The purpose of this study was to test the hypothesis that the presence and severity of obstructive sleep apnea determines the severity of coronary artery lesions. Obstructive sleep apnea (OSA) has great impact on cardiovascular outcomes in patients with coronary artery disease (CAD), which is a well known and confirmed by numerous studies fact.Design and method:
This study included 60 patients (mean age 55 ± 15 years) with arterial hypertension and coronary artery disease, confirmed by clinical and angiographic data, not suffering from diabetes mellitus. All patients underwent sleep study during the course of hospitalization. According to the angiographic data, the angiographic coronary artery disease burden was calculated based on the Gensini scale, which takes into consideration the number of affected segments, as well as the degree of stenosis of each segment. Further, the study included only patients with severe OSA (AHI> 30/hour) or without OSA (AHI <5/hour), (n = 25). All patients were divided into 2 groups: with Gensini score equal or more than 10 (n = 8) and less than 10 (n = 17). Both groups were homogeneous by duration of arterial hypertension and blood pressure levels. The majority of patients 14 (56%) had severe OSA (AHI> 30/hour) and 11 (44%) were without OSA (AHI <5/hour).Results:
The number of patients, suffering from arterial hypertension as well as coronary artery disease (CAD) and having a high Gensini score appears to be almost equal both for the ones with OSA and those without OSA. Statistical analysis showed no correlation between the severity of OSA and the severity of coronary lesions (y = 1.3711 + 0.0121*x; r = 0.0729; p = 0.5743; r2 = 0.0062).
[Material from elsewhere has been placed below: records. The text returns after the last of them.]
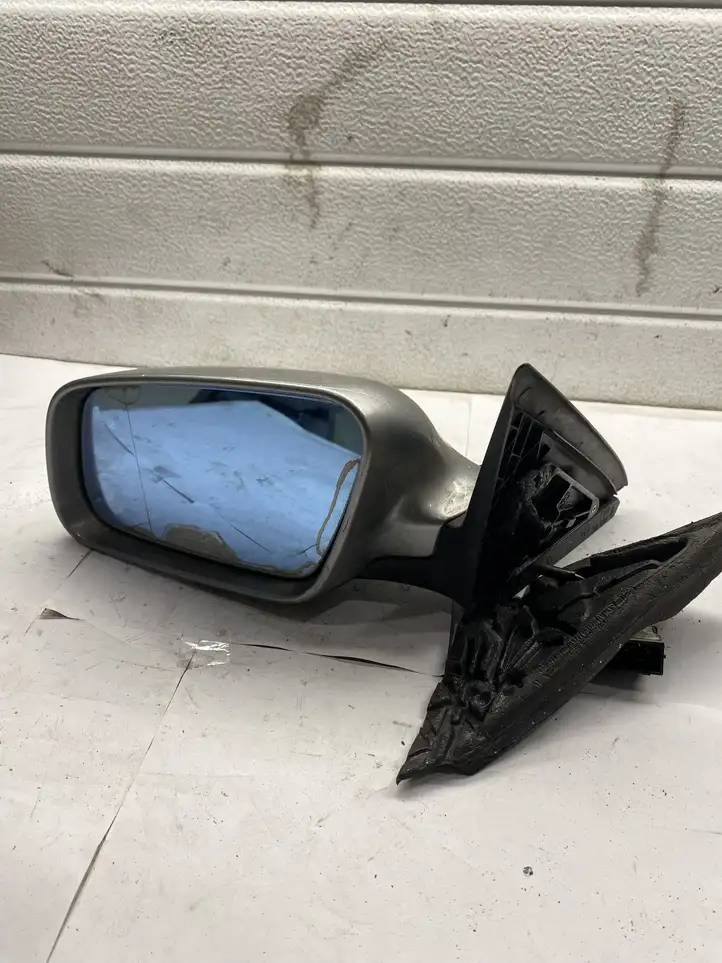 Audi A6 S6 C5 4B (2001 - 2004) 010593 Боковое зеркало с электроприводом — фото 1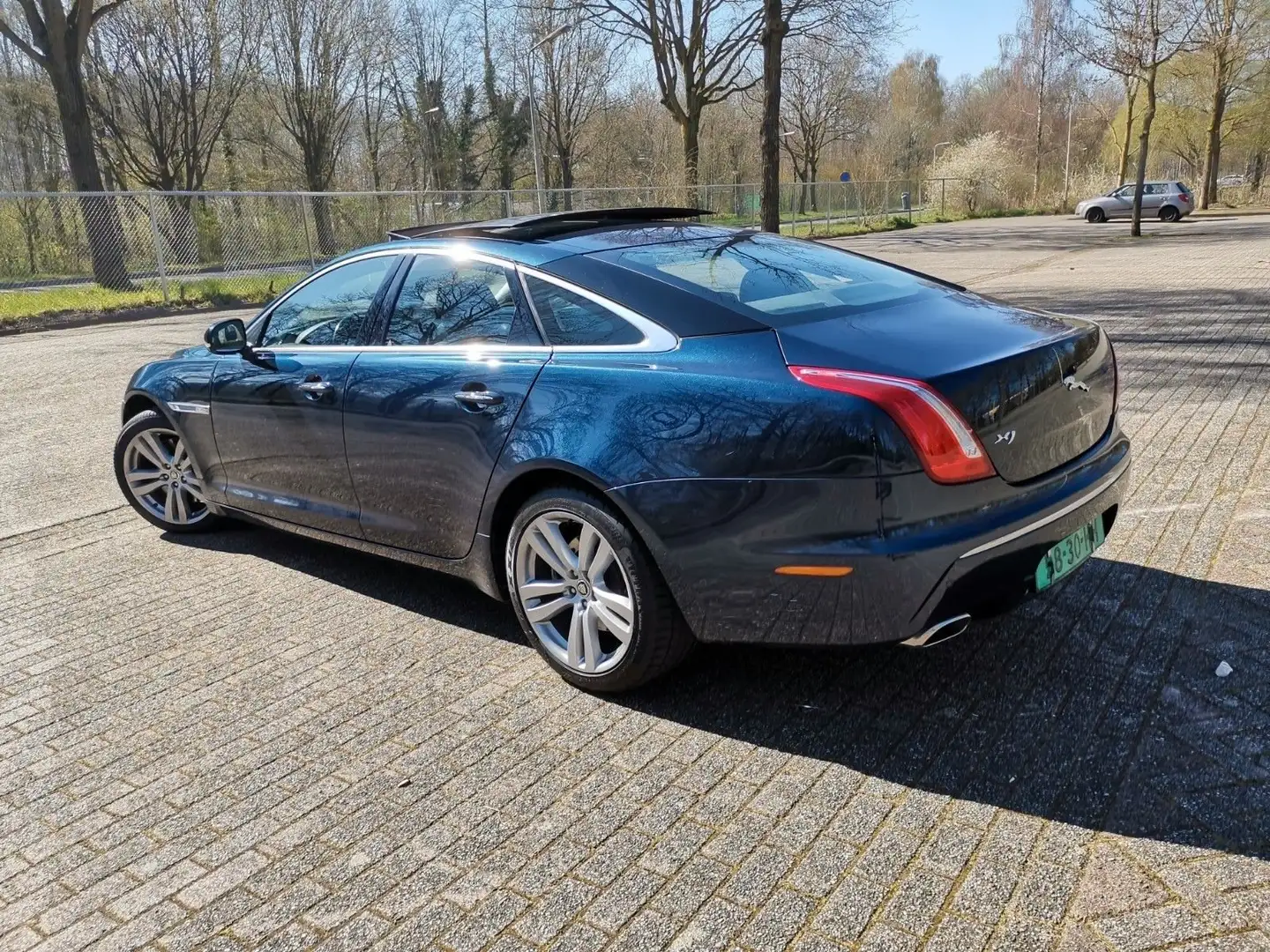 Jaguar XJ XJ 3.0 V6D Luxury Blauw - 2
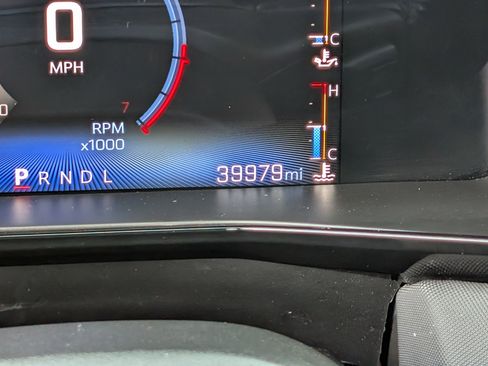 Used 2023 Chevrolet Colorado LT image 25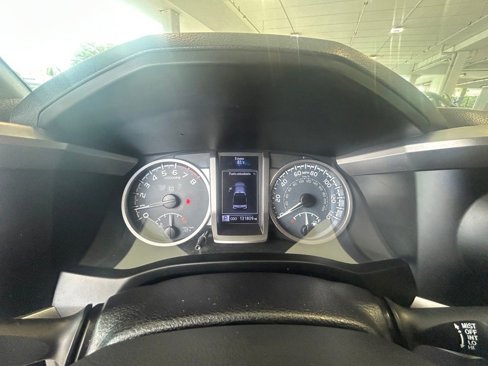 Used 2016 Toyota Tacoma SR5 image 39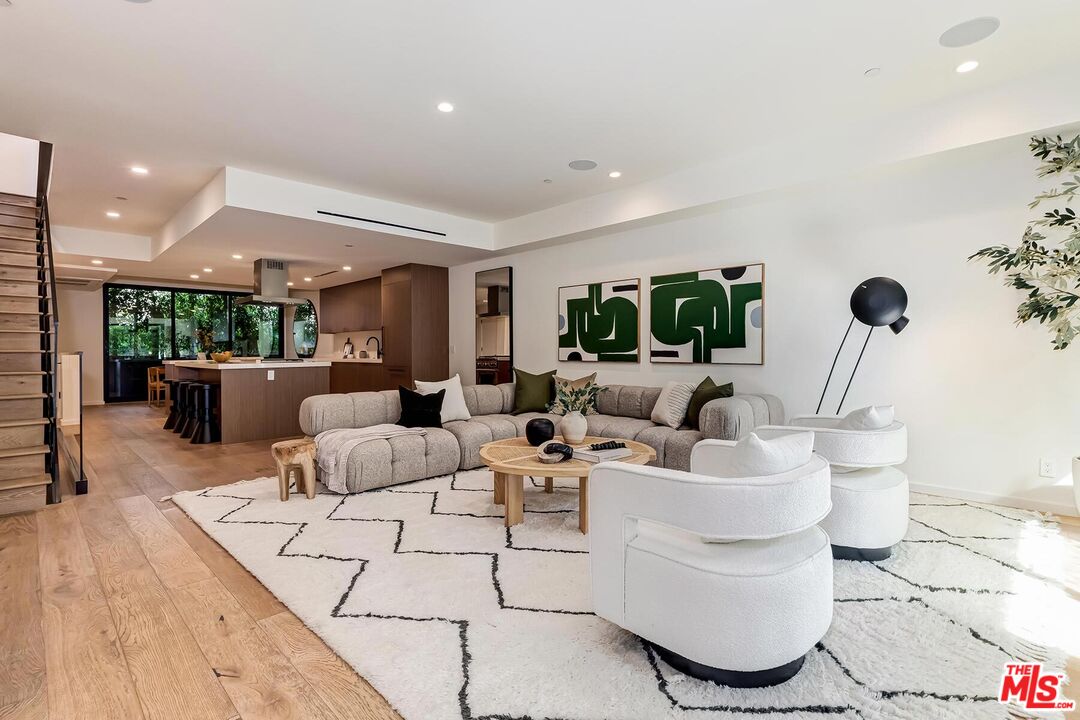 330 Rennie Ave Unit: 4, Venice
The smaller groups with high and low Gensini score both showed almost equal presence of severe OSA and absence of OSA (p = 1 and p = 0.7416 respectively). Also has been shown no correlation between presence of arterial hypertension and Gensini score (p = 0.7644).Conclusions:
In our study presence and severity of obstructive sleep apnea has no significant impact on the segmental coronary artery lesions and does not predict the severity of coronary atheromatous burden.